[MPS] Fix unary ops over sparse-mapped tensors (#100765)

If input tensor is backed by a sparse view, create a dense copy before running unary op, otherwise op will be applied against the wrong elements.
Introduce `is_dense_in_storage` that returns true if tensor/view are mapped to a dense area in  the tensor storage.

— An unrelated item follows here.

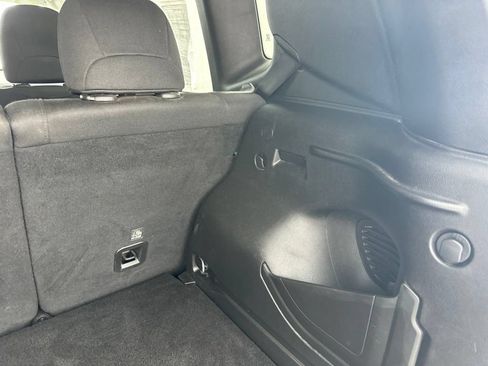 Used 2022 Jeep Renegade Latitude AWD/4WD image 22
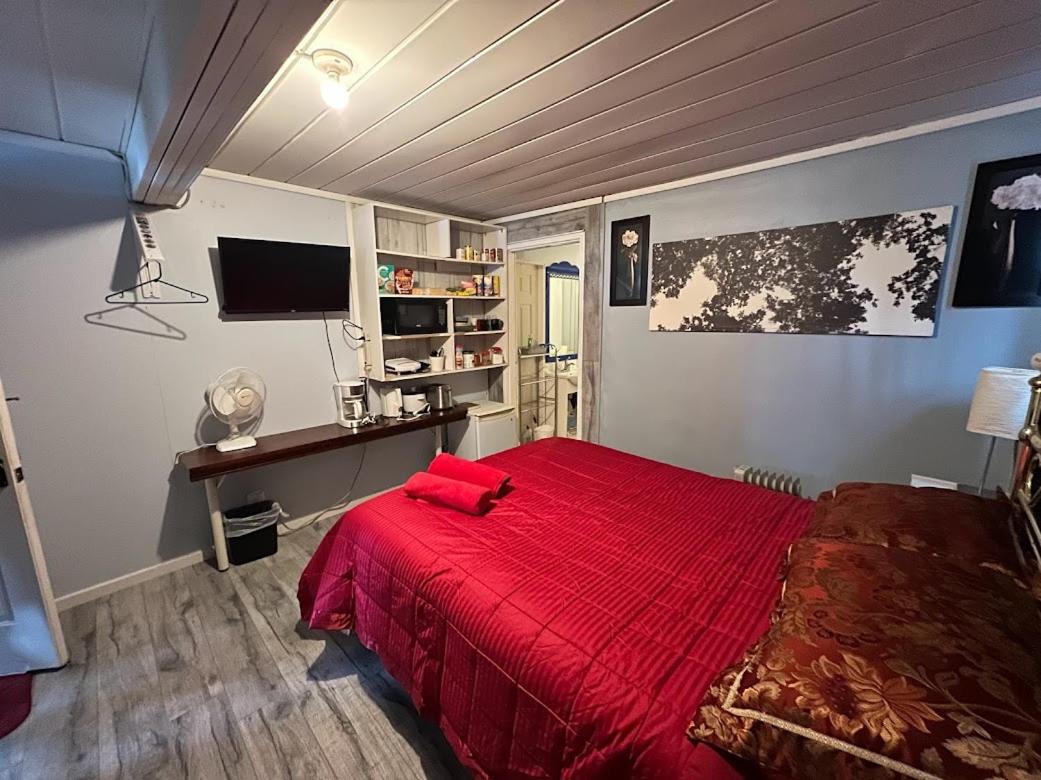 Guest Suite Private Retreat for 2 Guests With AC - 4 Units Available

Add unit test to validate the fix.

Fixes https://github.com/pytorch/pytorch/issues/98074
Pull Request resolved: https://github.com/pytorch/pytorch/pull/100765
Approved by: https://github.com/albanD
diff --git a/aten/src/ATen/native/mps/OperationUtils.h b/aten/src/ATen/native/mps/OperationUtils.h
index cd323f4..c7d8754 100644
--- a/aten/src/ATen/native/mps/OperationUtils.h
+++ b/aten/src/ATen/native/mps/OperationUtils.h
@@ -313,6 +313,18 @@
      ", downcasting to a smaller data type (int32/float32). Native support for int64 has been added in macOS 13.3.");   \
   }
 
+/**
+ * Returns distance from lowest to highest element offset in given tensor.
+ */
+size_t compute_storage_numel_distance(const at::Tensor& t);
+
+/**
+ * Checks whether tensor is mapped to a contiguous area in the storage.
+ */
+inline bool is_dense_in_storage(const at::Tensor& t) {
+  return compute_storage_numel_distance(t) == static_cast<size_t>(t.numel());
+}
+
 } // namespace mps
 } // namespace native
 } // namespace at
diff --git a/aten/src/ATen/native/mps/OperationUtils.mm b/aten/src/ATen/native/mps/OperationUtils.mm
index e91c311..001b92b 100644
--- a/aten/src/ATen/native/mps/OperationUtils.mm
+++ b/aten/src/ATen/native/mps/OperationUtils.mm
@@ -13,6 +13,21 @@
 
 namespace at::native::mps {
 
+/**
+ * Computes distance from lowest to highest element offset in given tensor.
+ */
+size_t compute_storage_numel_distance(const at::Tensor& t) {
+  size_t rc = 1;
+  if (t.numel() == 0) {
+    return 0;
+  }
+  for (const auto i : c10::irange(t.dim())) {
+    assert(t.size(i) > 0);
+    rc += (t.size(i) - 1) * t.stride(i);
+  }
+  return rc;
+}
+
 void runMPSGraph(MPSStream* mpsStream, MPSGraph* mpsGraph, NSDictionary* feeds, NSDictionary* results) {
   mpsStream->executeMPSGraph(mpsGraph, feeds, results, SyncType::COMMIT_ADAPTIVE);
 }
diff --git a/aten/src/ATen/native/mps/operations/Copy.mm b/aten/src/ATen/native/mps/operations/Copy.mm
index 79a6577..c4f95e2 100644
--- a/aten/src/ATen/native/mps/operations/Copy.mm
+++ b/aten/src/ATen/native/mps/operations/Copy.mm
@@ -20,25 +20,6 @@
   return (void*)alignedAddress;
 }
 
-/**
- * Computes number of elements one needs to transfer to preserve all the elements
- */
-size_t compute_strided_size(const at::Tensor& t) {
-  size_t rc = 1;
-  if (t.numel() == 0) {
-    return 0;
-  }
-  for (const auto i : c10::irange(t.dim())) {
-    assert(t.size(i) > 0);
-    rc += (t.size(i) - 1) * t.stride(i);
-  }
-  return rc;
-}
-
-bool is_strided_contiguous(const at::Tensor& t) {
-  return compute_strided_size(t) == static_cast<size_t>(t.numel());
-}
-
 // Copy sourceBuffer into destBuffer, casting sourceBuffer to src.scalar_type().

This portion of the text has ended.